If an entry holds a picture, leave the picture out and copy the rest exactly.

Records from a dataset
[Start of section]
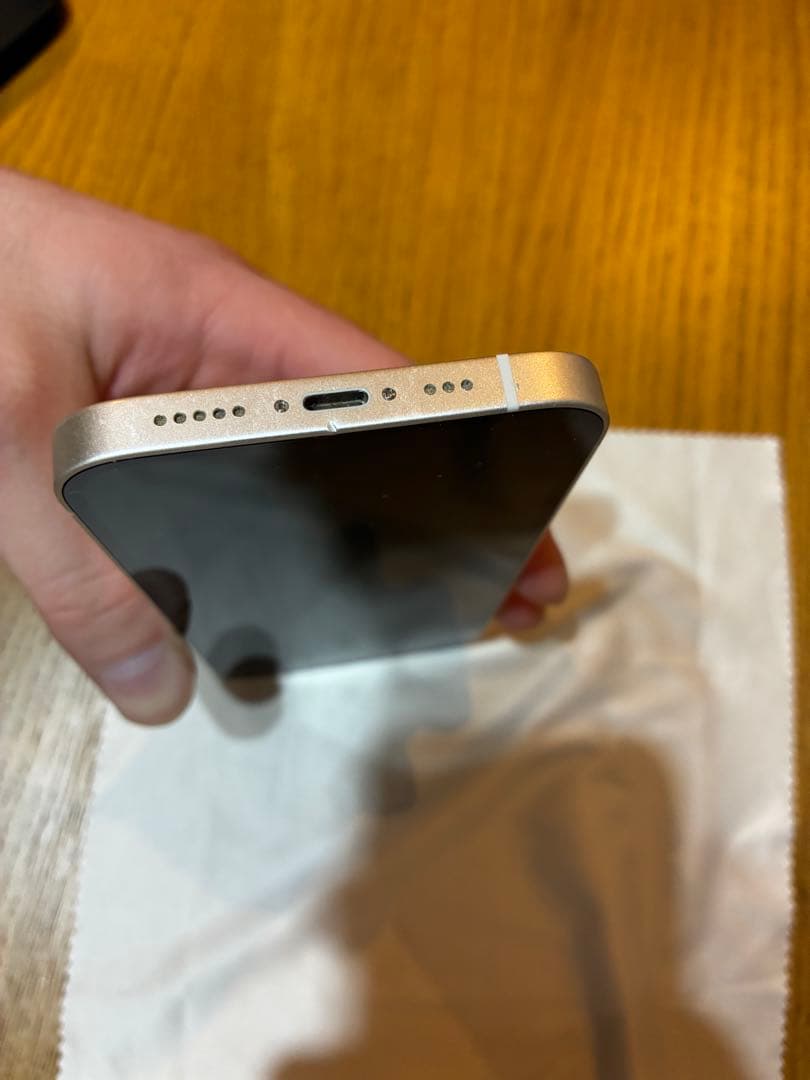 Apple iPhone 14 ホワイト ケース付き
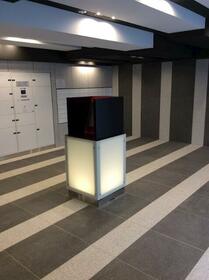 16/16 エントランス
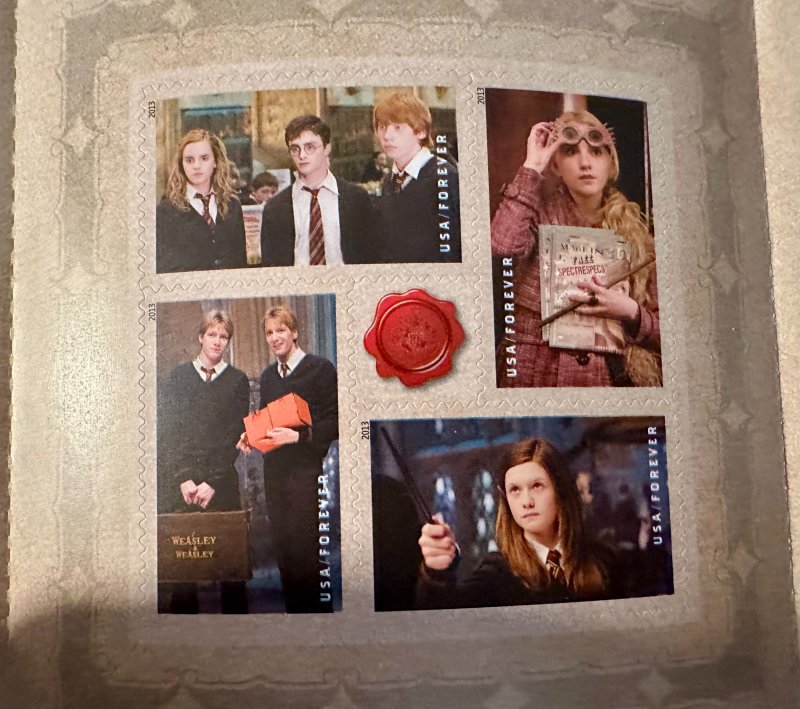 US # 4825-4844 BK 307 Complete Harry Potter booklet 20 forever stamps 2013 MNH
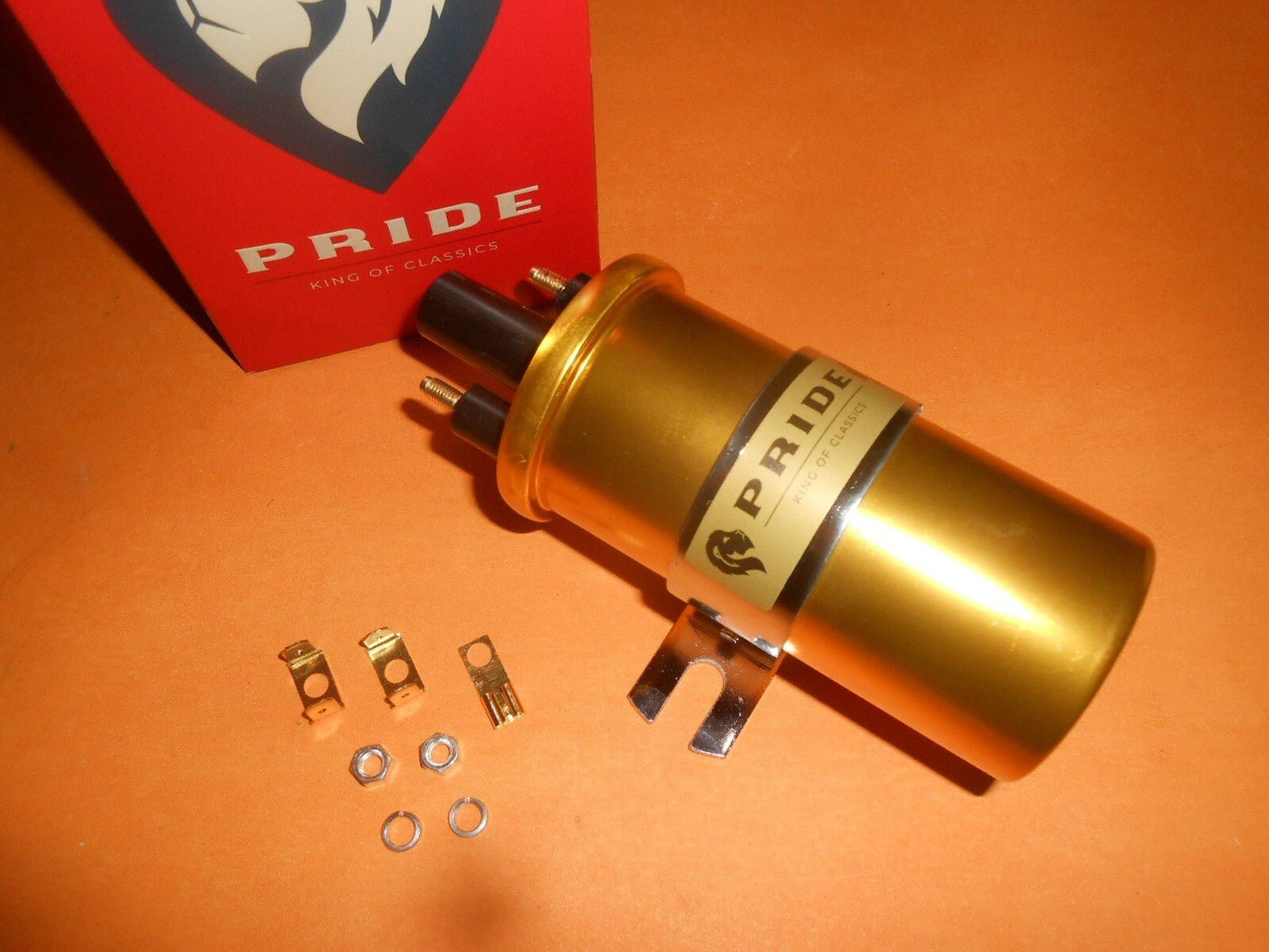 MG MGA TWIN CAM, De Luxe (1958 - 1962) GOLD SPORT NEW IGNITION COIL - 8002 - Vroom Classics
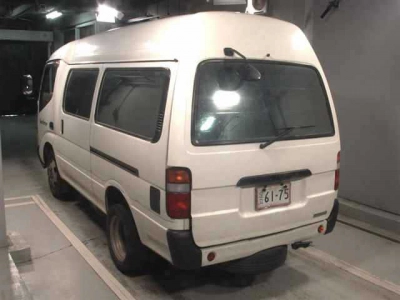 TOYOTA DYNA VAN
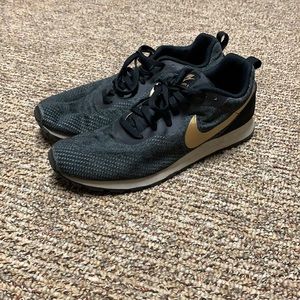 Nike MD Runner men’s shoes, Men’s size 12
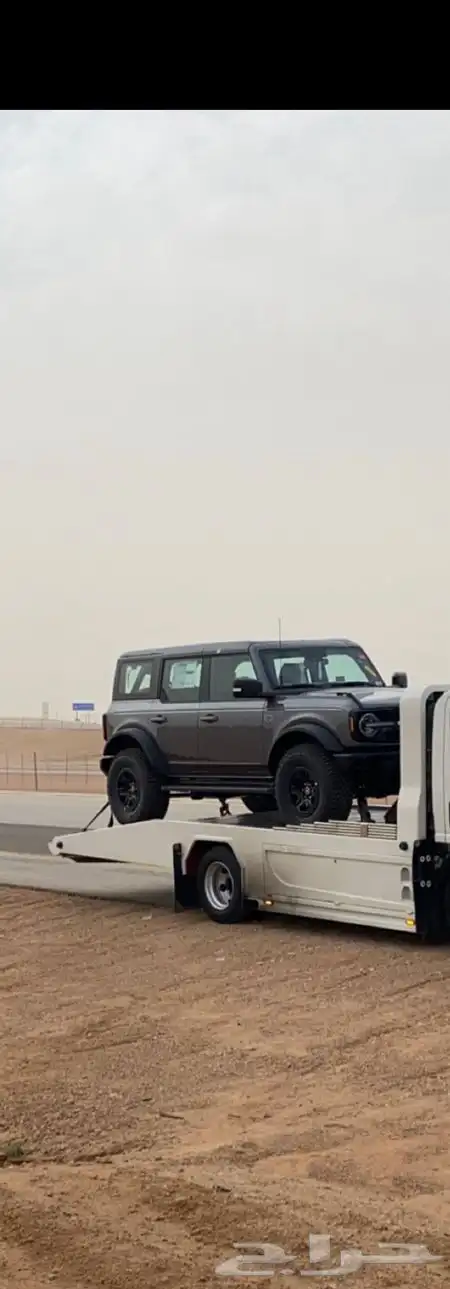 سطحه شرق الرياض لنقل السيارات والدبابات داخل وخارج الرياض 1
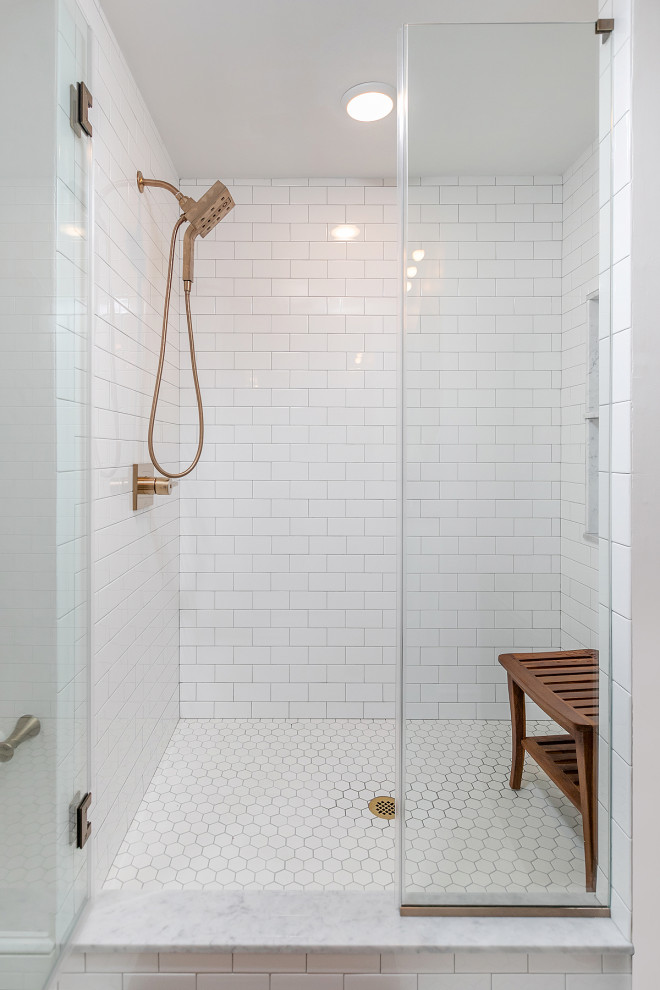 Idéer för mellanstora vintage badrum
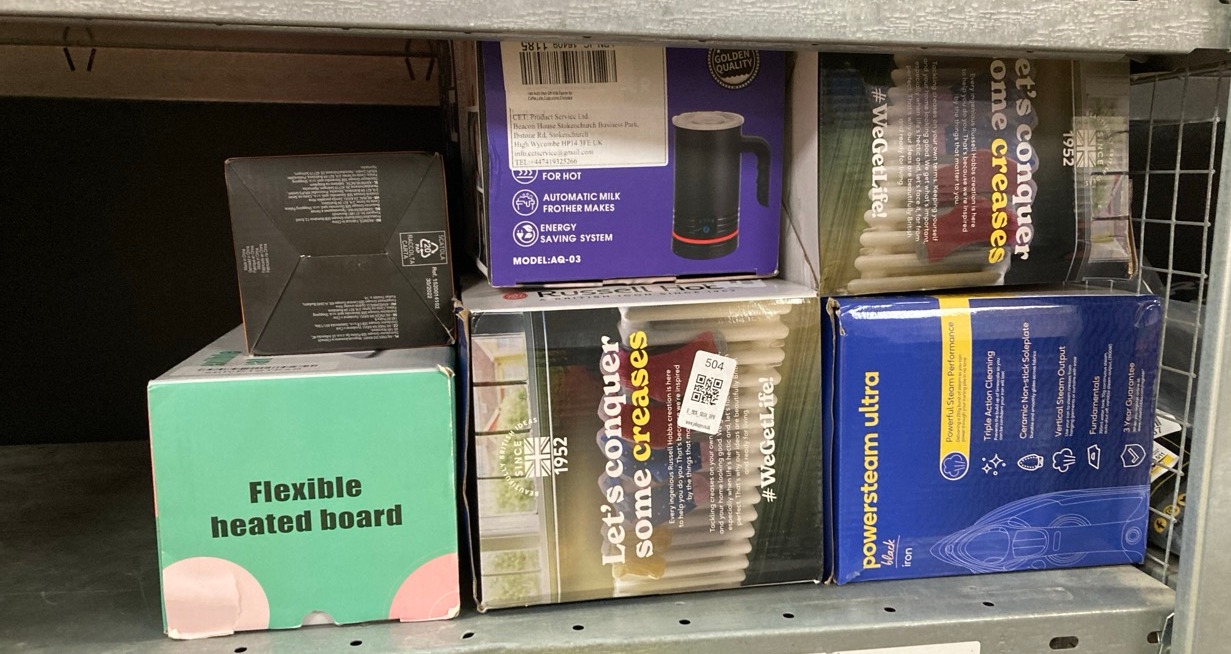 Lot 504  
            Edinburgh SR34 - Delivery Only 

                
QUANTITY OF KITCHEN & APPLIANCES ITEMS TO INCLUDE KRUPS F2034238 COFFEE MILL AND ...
[End of section]
(Answer for this exercise):
 Apple iPhone 14 ホワイト ケース付き
 16/16 エントランス
 US # 4825-4844 BK 307 Complete Harry Potter booklet 20 forever stamps 2013 MNH
 MG MGA TWIN CAM, De Luxe (1958 - 1962) GOLD SPORT NEW IGNITION COIL - 8002 - Vroom Classics
 TOYOTA DYNA VAN
 Nike MD Runner men’s shoes, Men’s size 12
 سطحه شرق الرياض لنقل السيارات والدبابات داخل وخارج الرياض 1
 Idéer för mellanstora vintage badrum
 Lot 504  
            Edinburgh SR34 - Delivery Only 

                
QUANTITY OF KITCHEN & APPLIANCES ITEMS TO INCLUDE KRUPS F2034238 COFFEE MILL AND ...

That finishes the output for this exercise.